Introduction

Here are step-by-step instructions for building a 4bit synth, including the schematics and bill of materials. These instructions assume you know the following:

• basic electronics terms
• how a breadboard works
• already have software installed on the microcontroller unit (MCU)

You can find numerous articles on the above. For installing software onto the MCU, I recommend the AVRDude software package and LadyAda's USBTiny In-System Programmer.

Step-by-step illustrations are included. To see a real photograph of a built synth (with others connected as well) see MultipleSynths.

Schematic

http://4bitsynth.googlecode.com/svn/trunk/schematic/4bitschematic.pdf

Bill of materials

Mouser.com

To add a synth quickly to your mouser.com order, paste the following into the Bill of Materials (BOM) Import page to add them to your cart. Click "Import BOM" after you paste. You can do this as many times as you want synths. If you find any mistakes in the below list or the component reference below that, please contact me.

140-50N2-220J-RC|2

774-2084|1

140-XRL25V2200-RC|1

78-1N914|1

806-KCDX-5S-N|1

291-5.6K-RC|1

291-220-RC|1

291-1K-RC|5

291-510-RC|3

556-ATMEGA48-20PU|1

852-PC900V0NSZXF|1

520-HCU2000-20X|1

Component Reference Table

Step one: placing major components

First, we place our major components: the integrated chips. At the top is basically a set of four switches that will serve as a MIDI channel selector.

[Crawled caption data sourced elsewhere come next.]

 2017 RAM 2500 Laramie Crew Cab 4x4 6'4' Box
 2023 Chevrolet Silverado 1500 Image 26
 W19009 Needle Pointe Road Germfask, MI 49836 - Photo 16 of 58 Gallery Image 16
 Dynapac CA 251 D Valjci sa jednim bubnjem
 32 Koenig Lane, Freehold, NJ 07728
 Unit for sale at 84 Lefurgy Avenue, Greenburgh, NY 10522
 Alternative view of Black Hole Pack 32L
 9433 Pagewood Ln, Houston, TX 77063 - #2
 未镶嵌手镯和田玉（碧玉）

Next is the brains of the synth: the microcontroller unit ("MCU"). In this case, it's an Atmel AVR ATMega48. You'll need one of these per synth.

Next down is a Sharp PC-900 photocoupler. This isolates the MIDI signals from the cables from the the rest of the components, which may be sensitive to electrical surges. It sends logic voltages (0 or 5 volts) to the MCU. If you are connecting multiple synths together, you should probably only need one of these.

Finally, the MIDI-In connector. It might be a little tight getting into the breadboard, but it should fit. If you have a lot of trouble, you can get a separate connector that you can solder some thinner wires to. With multiple synths, you probably only need one of these too.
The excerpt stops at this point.